Nevada State Bank’s lending practices have not changed, Chief Financial Officer Terry Shirey said. The bank was in a strong position to make loans before it received the new capital, he said.

A decrease in creditworthy borrowers has made lending more difficult, Shirvey said, and it would be unwise for the bank to lower its lending standards and risk creating more bad assets.

Las Vegas-based Western Alliance Bancorporation is in a similar position. It received $140 million from the federal government, of which $50 million went to Bank of Nevada in Las Vegas and $20 million went to a Reno-based bank.

In October, Western Alliance Chief Executive Robert Sarver told investors that the company had benefitted from being “one of the few banks in our markets that can make a loan.” It had just raised $50 million from investors at a time when raising money was difficult.

The bank planned to use the TARP funding to make “good-quality loans” and to hire bankers from other companies who have preexisting relationships with clients in order to boost deposits, Sarver said.

The bank had seen a steady stream of new wealthy clients request loans, Sarver said. “We’re getting calls from people that two, three, four years ago, we just couldn’t even get in to see or talk about doing business, let alone them coming to us and wanting to sign personally on credit,” Sarver said.

For the last few months of 2008, Western Alliance’s lending was up $149 million from the previous quarter.
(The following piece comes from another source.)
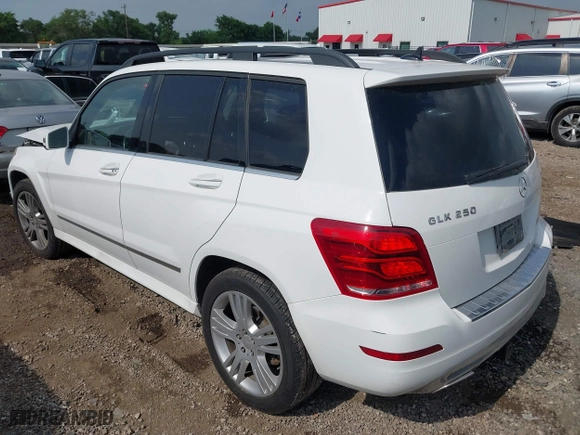 2014 Mercedes-Benz GLK-Class GLK 250 BlueTEC with VIN WDCGG0EB3EG286570, listed as a IAAI auction lot 41947819 with 166,168 mi miles. Bid and sale history available at carsss.com. Image 3.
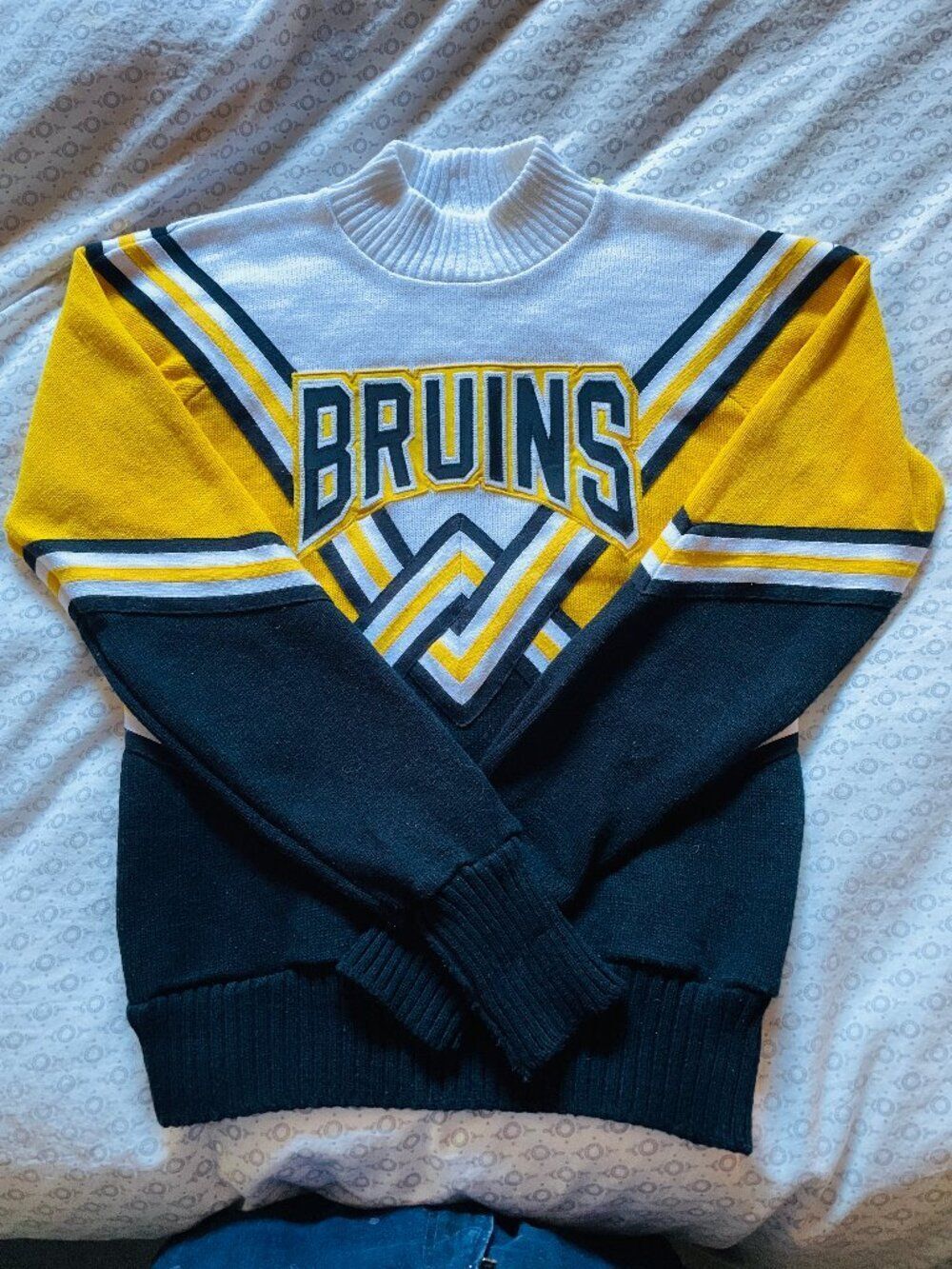 Dehen 1920 Classic Cheer Cheerleader Sweater Large Made In USA UCLA Bruins Gold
In Las Vegas during that period, Bank of Nevada’s lending rose $29 million.

But some local business leaders say they aren’t seeing that money. The local banks that have received government funding should be more lenient in their lending, rather than target the same good bets they were after before they received the taxpayer dollars, they say.
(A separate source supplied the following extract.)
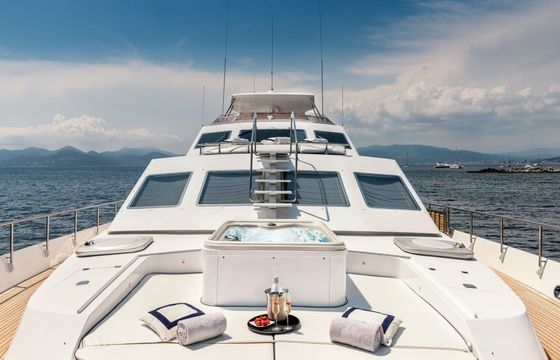 Motor yacht CN SPERTINI Alalunga 5475hp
Dennis Smith, chief executive of Home Builders Research, said numerous home and apartment builders have halted construction because of financing problems with both regional and national banks.

“Instead of just doing business and looking at the bottom line, they should look at what’s going on in the economy and come up with some sort of adjustments,” Smith said.

Homebuilding has been one of the hardest hit segments of the economy amid widespread foreclosures that have created a glut of cheap homes. New home sales in Las Vegas were down 47 percent last year, and the 10,464 homes sold was the lowest number since 1988. Of the homes sold, 65 percent were bank-owned.

Smith predicts that picture will grow gloomier this year.

Despite the dismal numbers, homebuilders say banks should work with builders to finish the projects rather than pull out.

“They create so much distress instead of trying to work out something,” said Tom McCormick, president of Las Vegas-based homebuilder Astoria Homes. McCormick announced this week that the company would go on “hiatus” because of problems with financing.

Yet some analysts say the view that banks should be more flexible is shortsighted.

“We shouldn’t be forcing banks to make bad loans,” said Bert Ely, an independent bank analyst. “Many banks are just finding that there isn’t much in the way of good loan prospects out there as the economy shrinks and as the better borrowers are trying to de-leverage.”

The assumption that capital infusions from the government would necessarily lead to increased lending during a recession was based on faulty logic, Ely said.

“TARP was there to basically strengthen the capital foundation of the better-managed, stronger banks so that they could ride through this fiasco,” he said.